Or.. perhasps mangle them both with effects in some way that the effect swamps the differences.
 
I once re-mixed a re-mix. It ended up sounding exactly like the original. :eek:
 
If you want the recordings to sound the same, the only proper way to do it is to use not only the same mic, but the same room and setup.

Even recording in a different room can make your voice sound completely different and it can be very challenging to 'fix', if it's even possible.
 
When I heard those horns on the tube they didn't sound anything like a single one or two tooting away.

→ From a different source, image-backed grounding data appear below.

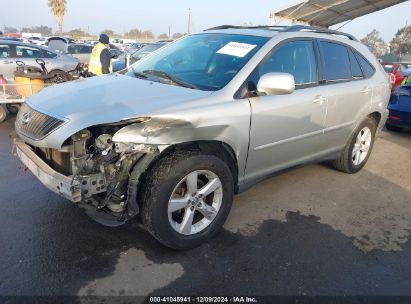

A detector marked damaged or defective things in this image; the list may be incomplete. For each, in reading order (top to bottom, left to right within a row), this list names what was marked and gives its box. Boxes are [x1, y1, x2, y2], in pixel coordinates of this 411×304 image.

damaged front bumper [14, 140, 82, 202]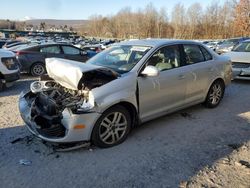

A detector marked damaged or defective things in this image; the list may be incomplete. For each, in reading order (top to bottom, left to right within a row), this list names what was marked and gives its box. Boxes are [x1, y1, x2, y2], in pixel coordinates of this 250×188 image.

damaged front end [18, 58, 118, 142]
crumpled hood [45, 57, 117, 90]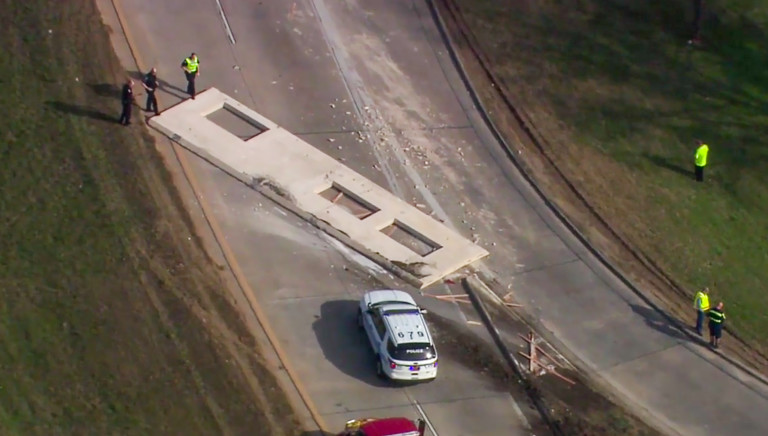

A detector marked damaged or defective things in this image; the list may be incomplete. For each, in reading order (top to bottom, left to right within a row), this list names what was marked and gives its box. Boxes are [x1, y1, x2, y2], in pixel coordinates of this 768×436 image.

It was more like a wave of just noise like when you hit a single note on a guitar that is going through a delay stomp box and you move the infinite repeat and feedback switches to the max.
 
When I heard those horns on the tube they didn't sound anything like a single one or two tooting away.
It was more like a wave of just noise like when you hit a single note on a guitar that is going through a delay stomp box and you move the infinite repeat and feedback switches to the max.
 
@moresound: Was that meant for the "how to make 1 varuvuelaizuieujhauvuaueue (whatever it was called) sound like a hundred" thread?

it can be very challenging to 'fix', if it's even possible.
That's basically what I was stumbling around trying to say, lol. Big *if* about it even being possible, but it's completely relative to what's "acceptable" to him... Trying to see if he can match them to acceptability won't make the world explode, and it might save him a bunch of time....if I couldn't match it close enough for whatever the purpose of this is within 10 seconds or so we'd be retracking.
 
Yeah kind of. I mean that noise of the thousands of varuvuelaizuieujhauvuaueues trumpeting was just one big wall of sound.